An Indiana family of seven says they are in the battle of a lifetime over an appliance and the estimated $100,000 of damage it did to their Highland home.
Miranda Panos says she bought her brand new, high capacity Samsung washer and dryer from her neighborhood hhgregg store. The very first time she ran a load, Panos says she pushed "start" and left to run errands. She returned to find her three-story home flooded.
"It was coming down over the cat walk and onto the first floor like a waterfall," Miranda Panos recalled.
Her husband, Pete Panos, says he rushed to the appliance store for help but was turned away.
"They said their customer service is closed today and you have to wait until tomorrow to get some help," he said. "I’m like, 'Wait a minute.

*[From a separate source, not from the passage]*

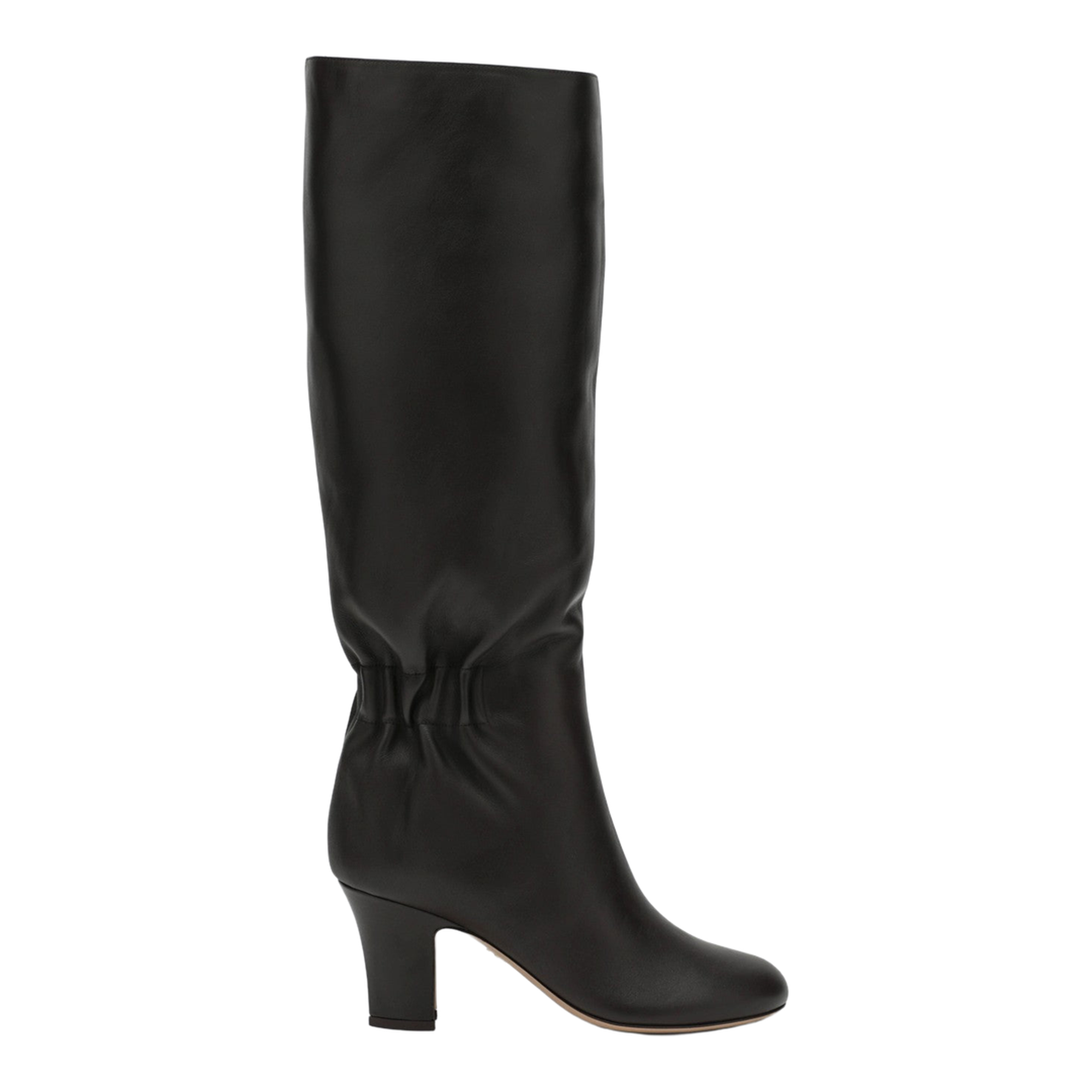 Ruched Boots in Dark Brown Leather - Image 1
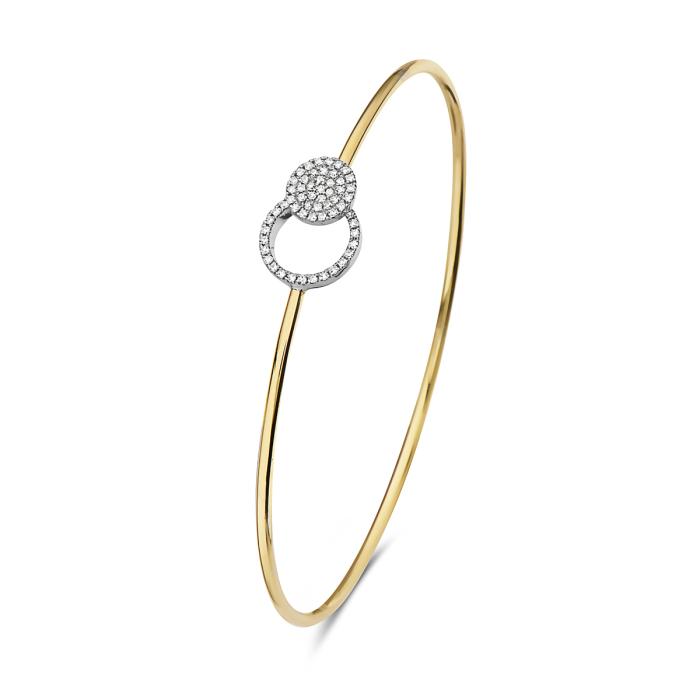 14K Two Tone Gold Diamond Circle Bangle .20ctw 5.75in 4.5g Elegant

My house is flooded. It’s raining in my house as we speak,' and the guy goes, 'You have to wait until tomorrow.' I said, 'You’re not hearing me at all.' I was furious."
The family says water seeped into the walls, ceilings and floors throughout the house for days before hhgregg’s insurance company, Travelers Insurance, sent help. A cleanup crew spent six weeks ripping out carpet and tearing down walls and ceilings. Pete Panos said he felt like he was in good hands at the time.
"Hhgregg told me Travelers would cover it," Panos said, "And for me not to worry about it."
That all changed, the family says, when the crew suddenly walked off the job. Panos says Travelers Insurance told him its inspection report showed the machine was overloaded, and that a sock was to blame for tens of thousands of dollars worth of damage.
"They said a sock got in the mechanism and jammed up the gear which split the bottom of the machine open from the pressure," Panos explained.
That’s when the family says the blame game began.
"Then hhgregg starts saying, 'Well wait a minute. We didn’t make this thing. Samsung did. You need to call Samsung,'" Panos recalled.
When NBC 5 Investigates reached out to Samsung, the company declined to answer any questions about the case. In a statement, Travelers Insurance said there was no defect, therefore no liability for hhgregg.
Stuck between a multi-million dollar manufacturer and retailer, the Panos’ turned to their own insurer, Allstate, to step in. But an inspector hired by Allstate hit a dead end, fast. His report cited "spoliation," alleging the washer, stored in a hhgregg warehouse, was repaired before he came to look at it. The report says because of that repair, it was impossible to tell if a defect ever existed.
Neither hhgregg nor their insurer would comment on whether hhgregg repaired the machine before the inspector for the family could get to it.
Washing machine floods are among the top 10 most common homeowner claims. They are generally chalked up to "wear and tear" of hoses and are covered. The Panos’ case is different because the machine had just been made, sold, and installed.
With no party accepting responsibility, the family and their insurer say they plan to sue.
The Panos’ say Allstate has paid out about half of their claim so far. But the work is far from over.
'We just want our house fixed and put back together the way it was," Miranda Panos said.